Daha geçen dedim size, hatırlıyor musunuz? NBA 2K serisinin sıkı bir takipçisi olarak, Derrick Rose’un sakatlığı ile zaman bulamamanın birleşimi sonucu NBA 2K13’e zaman ayıramadım yıl boyu. Öyle ki serinin en az oynadığım üyesi oldu ve bunda Derrick Rose’un payı bir hayli fazla. Sonuçta basketbolu seven, NBA’i günbegün takip eden biri olarak, bu takibin can damarlarından Chicago Bulls ve Derrick Rose aksıyorsa bir mesafe oluyor aranızda. İşte bu sebeple NBA 2K13’e de yeteri kadar zaman ayıramadım, MyPlayer modunda yarattığım kendime dahi doğru düzgün bakamadım, onun boş salonlarda çürümesine göz yumdum. Şimdiyse karşınıza Derrick Rose’un dönüşüyle şenlenen bendenizin NBA 2K14 incelemesiyle çıkıyorum! (Kendi kendini sunan adam…) Üstelik bu kez karşımda sadece NBA, Chicago Bulls ve Derrick Rose yok, aynı zaman Euroleague var! (Buna daha sonra döneceğim.) O halde hava atışı yapılsın!
LBJ
Öncelikle oyunun nasıl başladığını, açıldığını belirteyim. Her yıl sunum konusunda çıtayı yükseltmeyi adet edinen yapımcılar, bu yılda oyunu -aynı zamanda kapak yıldızı olan- LeBron James’in kısa ve motive edici bir konuşmasıyla açmayı uygun görmüşler. Bu kısa konuşmanın ardındansa klasik NBA 2K menüleri karşılıyor bizi. Biliyorum, analog kolla aktif hale gelen menü yapısını sevmeyen birçok oyuncu var ama yapacak bir şey yok, bu yapıdan vazgeçmiyorlar. Neyse ki alıştık ve menüler arasında kolayca yol alıyoruz. Bu noktada şunu fark ettim ki her yıl yanında “NEW” yazan kalem sayısı bir hayli fazlayken, bu yıl sadece tek bir yenilik, tek bir yeni mod var oyunda. Nedir o? LeBron James’in üzerine inşa edilen ve “Path to Greatness” adı verilen mod.

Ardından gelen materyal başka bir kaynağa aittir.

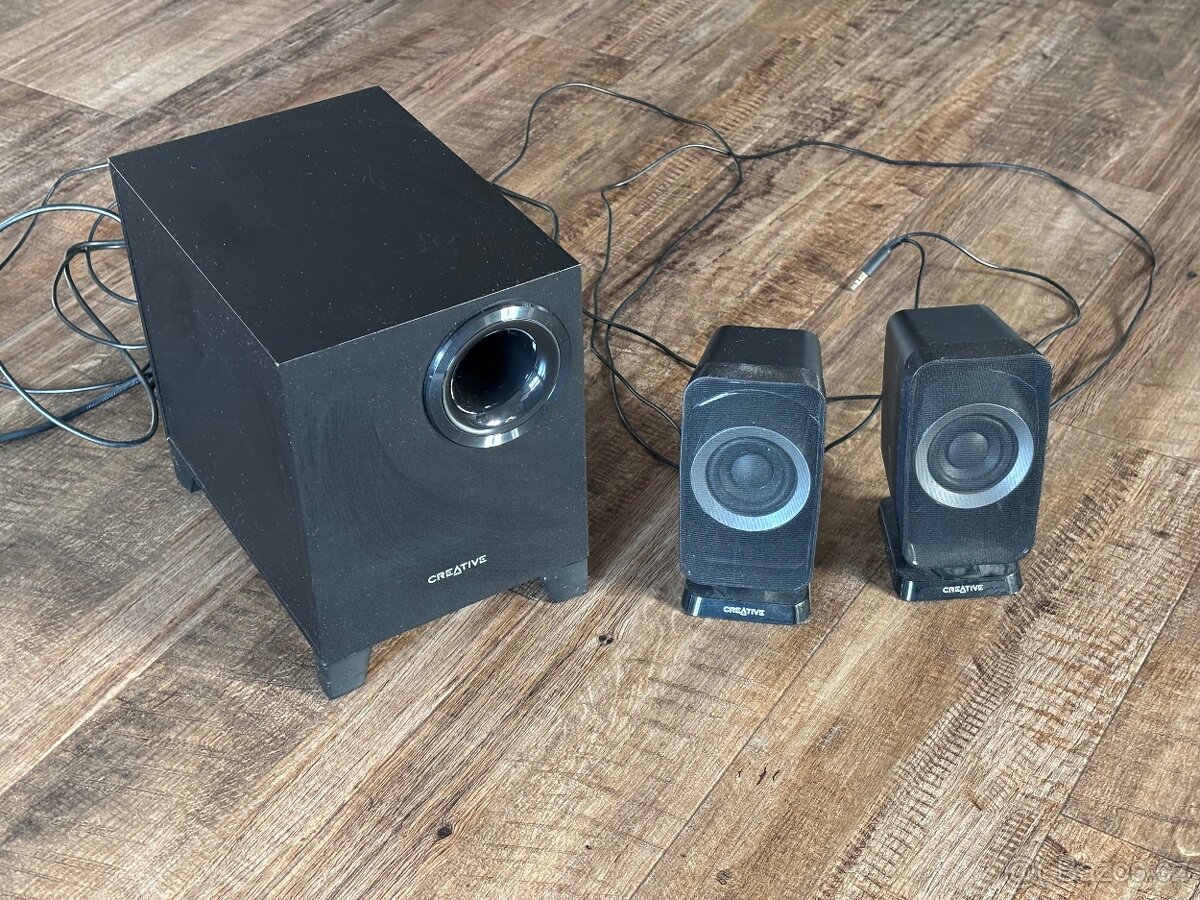Reproduktory Creative Inspire T3130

Daha önce Michael Jordan için hazırlanan “Jordan Challenge” modunu hatırlarsınız herhalde ama bu kez bambaşka bir yapı var karşımızda. Jordan Challenge’da MJ’nin kariyerindeki önemli anları yeniden canlandırıyor, yani geçmişi yeniden yaşıyorduk. Path to Greatness ise bize geleceğe yön verme ve LBJ’nin kariyerini dilediğimiz gibi çizme şansı veriyor. Bu moda girer girmez karşımıza iki seçenek geliyor: Heat Dynasty ve Fantastic Journey. (Her iki seçeneğin altında -ikisi alınmış olmak üzere- yedi yüzük gösteriliyor hedef olarak.) Diyelim Heat Dynasty’yi seçtik. İlk maçımız NBA Finalleri’nde Rockets’a karşı oluyor ve Dwight Howard’lı Rockets karşısında yüzüğümüzü üçlemek için ter döküyoruz. Diyelim Fantastic Journey’yi seçtik. Yine Heat’teyiz ama bu kez finaller öncesinde önemli maçlara da çıkıyoruz. İlk maç Spurs’e karşıydı ve uzatmaya giden maçı zor da olsa kazanmayı başardım. Maç sonrasıysa mobil oyunları anımsatan bir puanlama geldi ekrana. Skor farkı, takım istatistikleri, LeBron istatistikleri ve Big Night for Big Three puanları sonucu 550 puana ulaştım ve üç yıldız üzerinden iki yıldız alarak maçı geride bıraktım. Bir sonraki maçsa Clippers’a karşıydı ve maç öncesi önemli bir not düşüldü. Oyun kurucu Mario Chalmers ve onun yedeği Norris Cole sakat, bu durumda hem skor, hem de oyun kurma yükü LBJ’ye kalıyor. (Yine kazandım!) Tüm bu uğraşların sonundaysa Knicks’e transfer oluyor ve yepyeni bir kariyer peşinde koşuyoruz. İşte böyle renkli, detaylı ve eğlenceli bir mod olmuş Path to Greatness ama ortada şöyle bir sorun var ki LBJ hile gibi. Oyunu standart ayarlarla oynarsanız, yani herhangi bir “slider” düzenlemesi yapmazsanız, LBJ ile skor bulmak ve maça hükmetmek çok kolay oluyor. Zaten kendisine 99 puan verilmesi de bu durumun ortaya çıkmasının başlıca nedeni. (Merak etmeyin, MJ de 99 puan!)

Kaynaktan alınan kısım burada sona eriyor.